« Certaines n’avaient jamais vu la mer » de Julie Otsuka

Au début du XXème siècle, des japonaises sont envoyées aux États-Unis pour épouser des immigrés de plus longue date. Elles rêvent d’une vie meilleure- déjà l’aspiration à l’american life. Or après une longue et éprouvante traversée, elles vont se retrouver mariées à des ouvriers sans le sous, souvent violents et alcooliques. Elles mèneront une vie rude, sans amour, sans tendresse, sans répit. Elles seront confrontées au mal être du déracinement, au tragique des discrimination, à la souffrance morale et physique quotidienne.

C’est sur cet épisode méconnu que Julie Otsuka livre un bref roman poignant d’une grande intelligence. Sa prose – répétitive, quasi-incantatoire, et les modalités narratives qu’elle a choisi – une originale seconde personne, sont absolument cruciales dans la réussite de « Certaines n’avaient jamais vu la mer ».

Avec une singulière poésie, Otsuka offre un récit choral qui se fait l’écho de toutes ces femmes et de leurs misérables vies d’exilées, qu’elles se retrouvent agricultrices, bonnes ou prostituées, de leur arrivée à leur déportation au début de la seconde guerre mondiale.

Outre l’art de la subtilité, Otsuka maîtrise à la perfection celui de l’ellipse choisissant de découper son roman en moments ou thèmes clés de la vie de ces femmes (la première nuit, les blancs, les naissances, les enfants, etc.) quitte à ce que la narration soit parcellaire ou éclatée.

C’est dur, violent, sans pathos – à l’image de la résignation emblématique de ces femmes, et pourtant, le lecteur se laisse porter par cette écriture limpide, absolument maîtrisée et sans fausse note, qui en dit peu pour en signifier beaucoup.

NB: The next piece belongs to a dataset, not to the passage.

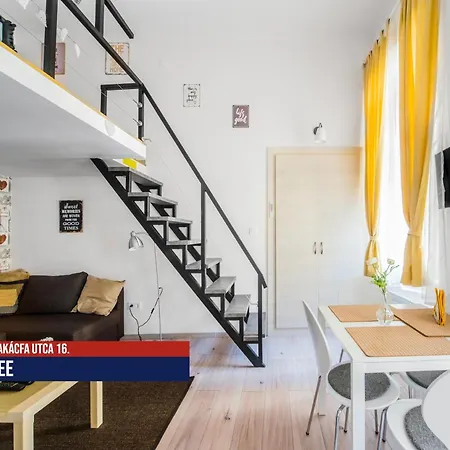 Lägenhet Little Americas Ring *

On n’est pas que touché, on est avec elles, dans leur triste quotidien.

Quand on achève la lecture, on se dit que l’on vient de toucher à une forme de virtuosité littéraire. « Certaines n’avaient jamais vu la mer » est une pépite rare.

 

Certaines n’avaient jamais vu la mer de Julie Otsuka (Phébus)
Traduit de l’anglais (Etats-Unis) par Carine Chichereau – août 2012 – 143 pages – 15 euros.